- Born: 26 June 1964 (age 62) India
- Origin: India
- Genre: Carnatic music
- Occupations: Musician, instrumentalist, veena
- Instrument: Veena

= Kannan Balakrishnan =

Kannan Balakrishnan (born 26 June 1964) is a classical musician and veena exponent from Chennai, India, in the Carnatic Music genre. He is also a vocalist and exponent of the instruments Mridangam, Suddha Madhalam and the Ganjira. He is also known his work in promoting the Veena and the annual ten-day Veena festival organized in Chennai.

==Early days and personal life==

He is the disciple of Vidushi Vasantha Krishnamoorthy and Vid. R. Pichumani Iyer. He later trained for advanced raaga rendition under veena maestro Dr S. Balachander.

Kannan comes from a family that has a rich art and cultural heritage. He is the nephew of Dr. Padma Subrahmanyam, the danseuse and research scholar. His father V. Balakrishnan is a noted film maker of documentaries. His mother Shyamala Balakrishnan was a classical music singer. His paternal grandfather Director K. Subrahmanyam was a veteran pioneer in Tamil films in the 1930s.

He has performed for many Yuva Utsavs conducted by Sangeet Natak Akademi (New Delhi) at Chennai and Bhubaneswar.

==Career==

He is a prolific exponent of the veena. He is also a vocalist and exponent of the instruments Mridangam, Suddha Madhalam and the Ganjira.

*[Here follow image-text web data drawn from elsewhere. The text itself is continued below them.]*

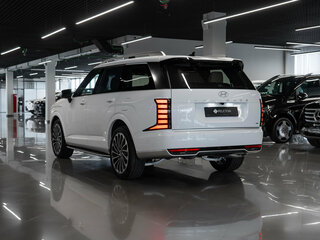 2026 Hyundai Palisade II, белый, 8600000 рублей, вид 5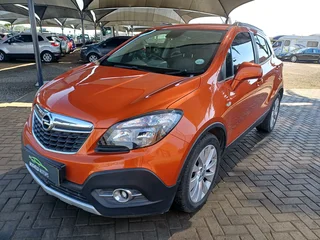 Opel Mokka 1.4T Cosmo Auto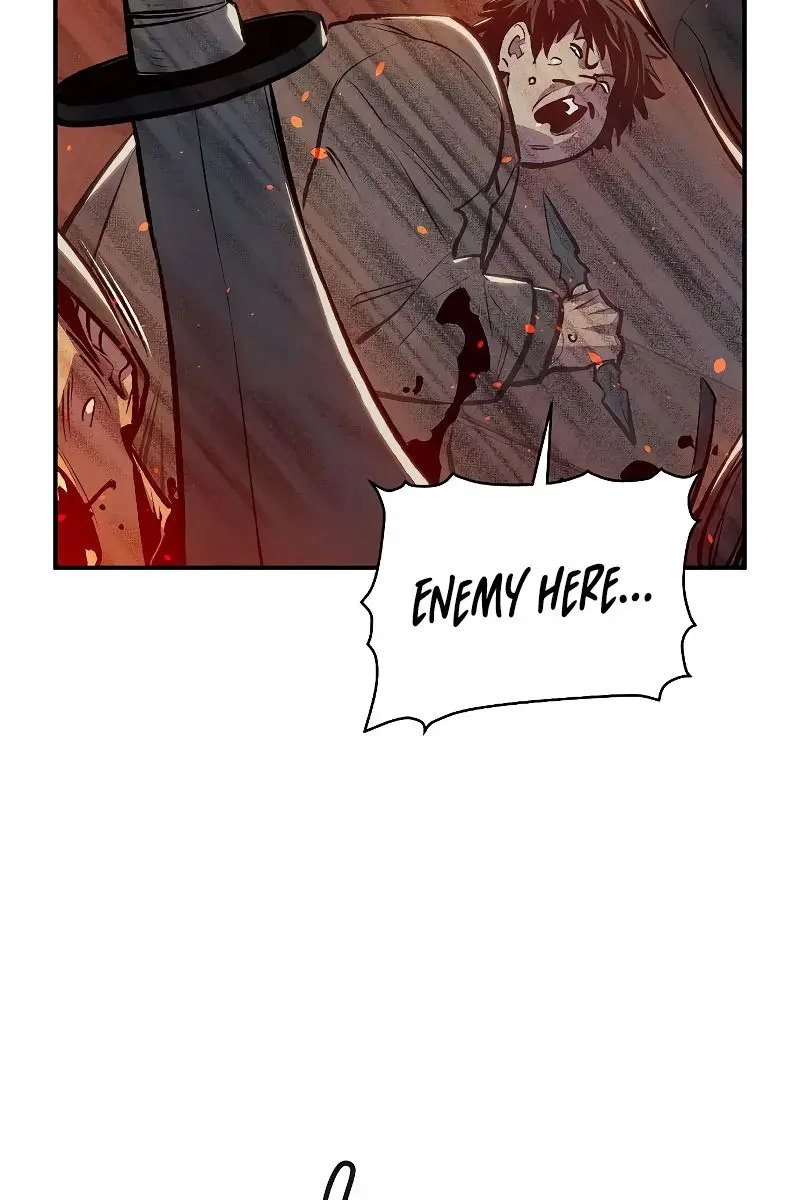 The Lone Necromancer Chapter 76 Page 109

He has toured for performances globally across Canada, USA, UK, Dubai, Kuwait, Malaysia, Singapore and Japan. He has also toured the Soviet Union in the year In 1987, on invitation from the Government of India for the Festival of India in the USSR.

=== Accompanist===

He has been accompanist on the Veena, Vocal and other instruments for Dr. Padma Subrahmanyam's dance concerts. He has toured numerous countries including Portugal, Sri Lanka, Greece, Spain, Indonesia, Austria, Switzerland, France, Thailand, Mauritius, Bahrain, Qatar, Abu Dhabi, Muscat and many other for these performances.

===Veena festival===

He actively promotes the cause of the divine instrument veena through various forums and activities. He organizes the annual ten day Veena festival in Chennai with support from Narada Gana Sabha.

===Other contributions===

He was the founder president of the Youth Association for Carnatic Music (YACM) that was established in 1985.

==Awards & felicitations==

- Prize from Sri Krishna Gana Sabha, Chennai (1981)
- Prize from Music Academy, Chennai (1987)
- "Yuva Kala Bharati" awarded by Bharat Kalachar, Chennai (1988).
- Young Veena Artiste Award by Narada Gana Sabha (1995)
- Fellowship of the Department of Culture, Government of India for a research project in Veena.